The dentist had been to many practitioners including chiropractors. She had him write out the history of his trauma and pain the night before the demonstration so she would have time to read it. He had written six pages. His history included numerous traumas, one of which was severe electric shock.
Dr. Travell's lecture the first day of the Symposium was titled "The Mystery of the History." In it, she emphasized the value of carefully eliciting a pertinant history from the patient. She gave a firsthand example of this in her demonstration with the dentist. What impressed me most was the way she went after perpetuating factors. I thought of a prized police dog sniffing out drugs. Nothing seemed to escape her. I suppose her reading his history had given her clues, but she also was observing him closely. After having him sit up straight, she pointed out that his right shoulder was lower than his left. She put a paperback book under his left ischium because she thought that the left hip was lower than the right. He said he could feel his muscles in his thoracic region adapting. She then had him flex laterally to the left to stretch the right quadratus muscle, while she sprayed the right lumbar region with Fluorimethane. He said it felt better.

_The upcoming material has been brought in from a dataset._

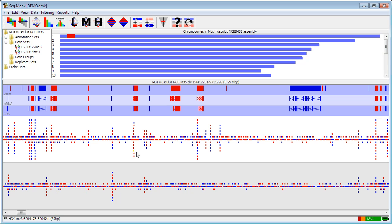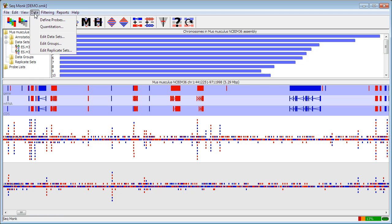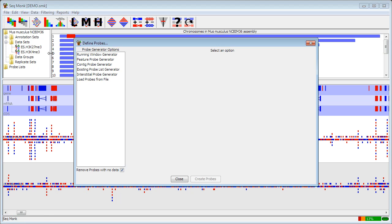Quantitation in SeqMonk happens in two stages. In the first stage, we can go into data and define probes, and that allows us to specify a set of regions within the genome over which we're going to make measurements. So these are termed probes within the program.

She apparently noticed that his head and neck were consistently rotated slightly to the right as he attempted to look straight ahead. She took a piece of paper with a small hole in the middle and held it in front of his face. She held up a finger on the opposite side of the paper, and asked him to close his left eye and tell her if he could see her finger through the hole with his right eye. He could. She then told him to repeat the procedure by closing his right eye. When she asked if he could see her finger, he said no. She then pointed out that his right eye was dominant and that when he wanted to see with his left eye, he rotated his neck to the right to get the left eye in proper line. She indicated that this should be corrected to avoid chronic overloading of the muscles that rotate the neck to the right.
A doctor in the audience of about forty people asked Dr. Travell if she thought the dentist had short upper arms. She agreed that his arms were too short for the armrests of the chair he was sitting in. She took a couple of yellow sponges from a bag she had brought with her. They were the kind you might use to clean kitchen counters, and were still enclosed in their plastic wrapping. Dr. Travell put them under the dentist's elbows so that rather than using his trapezii to hold up his arms, he could rest his elbows on the sponges and relax the muscles. She encouraged the audience to recommend to their short-armed patients that they use foam rubber pads or plain old sponges to properly support their arms.
She had the dentist slump forward in his chair with his head toward the ground. This stretched his lower trapezii, which attach to the mid-to-lower thoracic vertebra and to the spine of the scapulae. She palpated the lateral border of the right lower trapezius. She found a trigger point and induced a twitch that indented his back along the lower trapezius on both sides of the trigger point for some distance. She sprayed the muscle, moving the stream of vapocoolant slowly and deliberately.
After she palpated his trapezius, the skin was distinctly red. She said this was a histamine reaction. She scraped a fingernail over the skin of his back drawing a red “X.” She backed away and said, "See, it stays there." And it did. She told him to take antihistamines for a couple of months and that should eliminate the problem. He said he had been diagnosed as having allergic rhinitis for about a year. He had also been treated with desensitization shots for a year because of allergies to house dust and a lot of other things. These hadn't worked.
She asked if he'd been bothered with cold sores and he said yes. She asked if he'd taken a lot of antibiotics. Again, yes. She said that the antibiotics had probably killed off too much of his normal intestinal protective flora. She said that the herpes simplex virus lives in the tissues of the G.I. tract and that the only way to drive them out is to restore the normal flora. She told him to take Lactinex tablets which contain the live cultures.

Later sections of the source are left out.